Una lettura non era mai neutra. Le parole non viaggiavano nel vuoto. C'erano sempre suoni, odori, piccoli accadimenti che intessevano attorno al racconto una fragile cornice. Un ratto stava grattando sul cemento, una ragnatela oscillava sul soffitto, e da qualche parte saliva un odore pungente, che Dimitri non riusciva a identificare.
“Mi chiedevo che ora potesse essere; sentivo il fischio dei treni che, più o meno da lontano, come il canto d'un uccello nella foresta, dava risalto alle distanze". Quella trama labile Dimitri l’aveva sempre tenuta d'occhio. Un mutamento improvviso, una dissonanza, potevano significare un pericolo incombente. Quel giorno c'era quell'odore. Chissà se Albertine lo sentiva. Adesso si era seduto, e parlava muovendo le mani davanti al volto.
“Un uomo che dorme tiene in cerchio attorno a sé il filo delle ore". Dimitri scorse gli occhi sui cinque ascoltatori. Fermando gli occhi sul collo di uno di loro ricordò di aver già sentito quell’odore. Era stato quando lo avevano arrestato. Non era il profumo di un vecchio professore in pensione.
“Forse l'immobilità delle cose che ci circondano è imposta loro della nostra certezza che si tratta proprio di quelle cose e non di altre, dall'immobilità del nostro pensiero nei loro confronti".
Dimitri si ridestò. Perché non era ancora successo niente? Guardò gli agenti. Erano protesi in avanti, i gomiti poggiati sulle ginocchia. Uno, addirittura, si mordeva le punte delle dita. Erano affascinati, e s’erano scordati di quello che dovevano fare. Dimitri afferrò Albertine per una manica.
“Non senti questo odore?" gli sussurrò. Albertine si tirò su scrollando il capo e riprese a narrare.
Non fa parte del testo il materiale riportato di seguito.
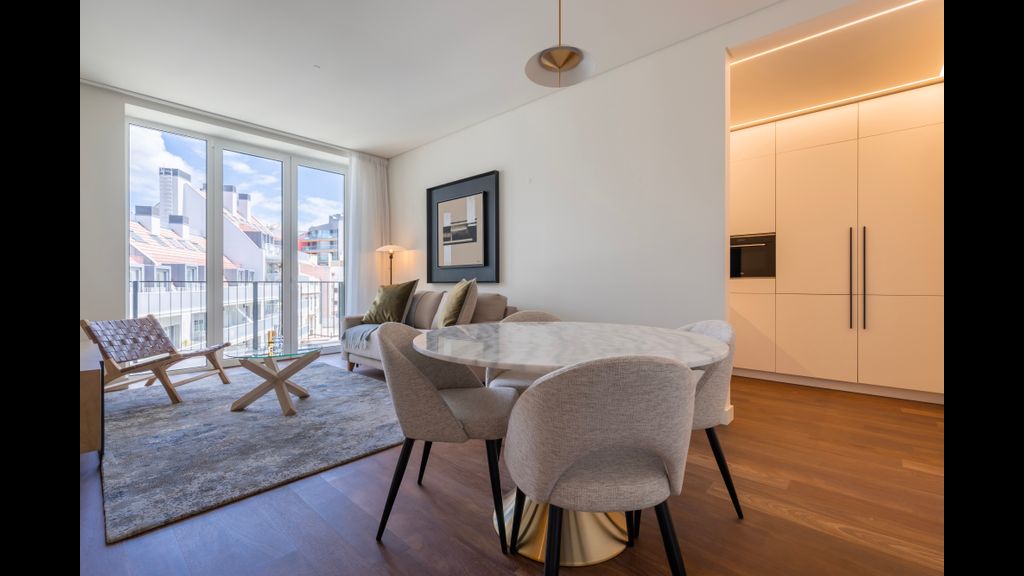 Radiant Apartment in City Center by LovelyStay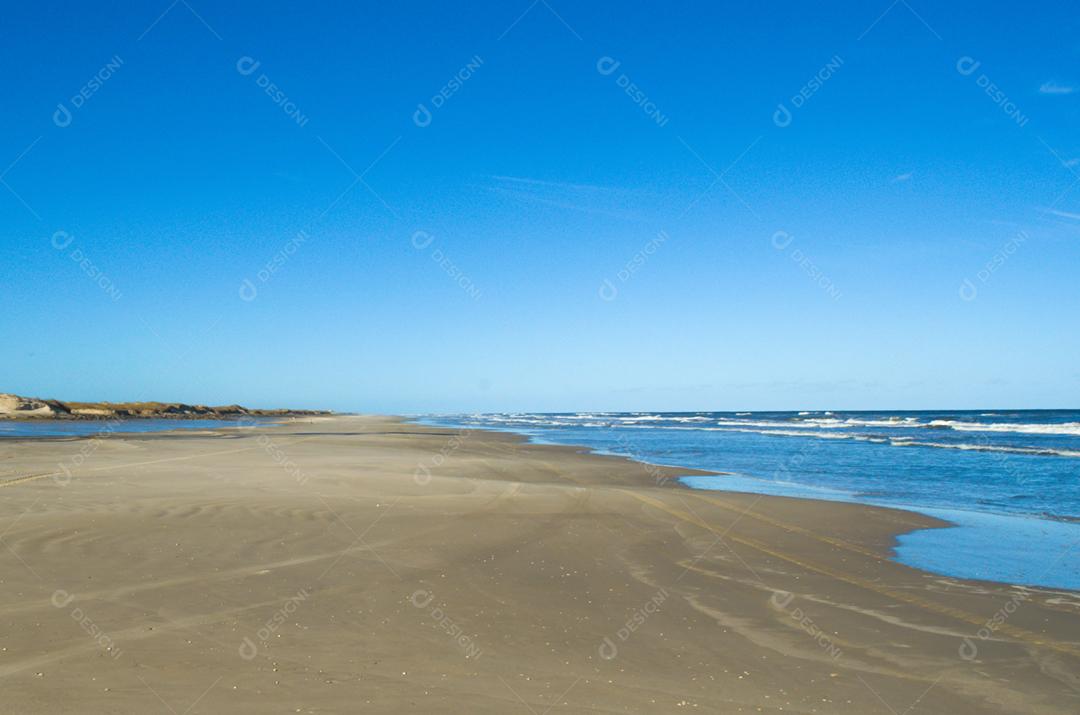 Praia do Bojuru, praia deserta, sul do estado do Rio Grande do Sul, Brasil.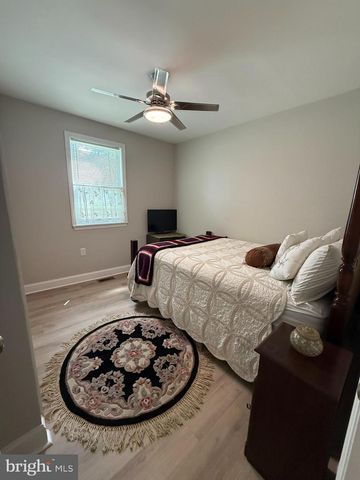 309 W EVERGREEN AVE, Somerdale, NJ 08083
“La sua memoria, la memoria delle sue costole, dei suoi ginocchi, delle sue spalle". Gli agenti ascoltavano ancora.
“gli presentava una dopo l'altra parecchie delle camere in cui aveva dormito, mentre tutt'intorno le pareti invisibili". Albertine arricciò il naso annusando.
“mutando posizione secondo la forma della stanza immaginata, turbinavano nelle tenebre". S'arrestò le mani contratte a mezz'aria. Guardò Dimitri, ma lui abbassò il capo. Albertine si voltò e corse via. Gli agenti si svegliarono e lo inseguirono. Avevano fatto solo pochi passi quando giunse lo sparo.
Albertine era ai piedi delle scale che conducevano in strada, riverso sul fianco, la testa reclinata sul braccio, come qualcuno colpito da un improvviso sonno. Nel vano della porta c'era Sivakov. Una goccia di sudore gli colava lungo il naso, come una lacrima. Appena sotto la gola il maglione color arancio di Albertine aveva un buco nero, dai cui il sangue colava inzuppando la lana. Dimitri si chinò sul corpo. Tolse il maglione e glielo legò stretto al petto. Lo sollevò.
“Non" disse Sivakov.
“Non erano questi i patti" lo zittì Dimitri, e se ne andò.

Arrivò sulla sommità della collina. Si voltò a ovest, sfilando lo sguardo fa le ciminiere della cartiera. Fece venti passi. C'era un albero caduto. Sollevò alcune pietre, scavò fra le radici. Non trovò niente. Si sedette sul tronco. Nel mondo non esisteva più nessuno che conoscesse per intero “Alla ricerca del tempo perduto". E lui era solo frammenti di una storia.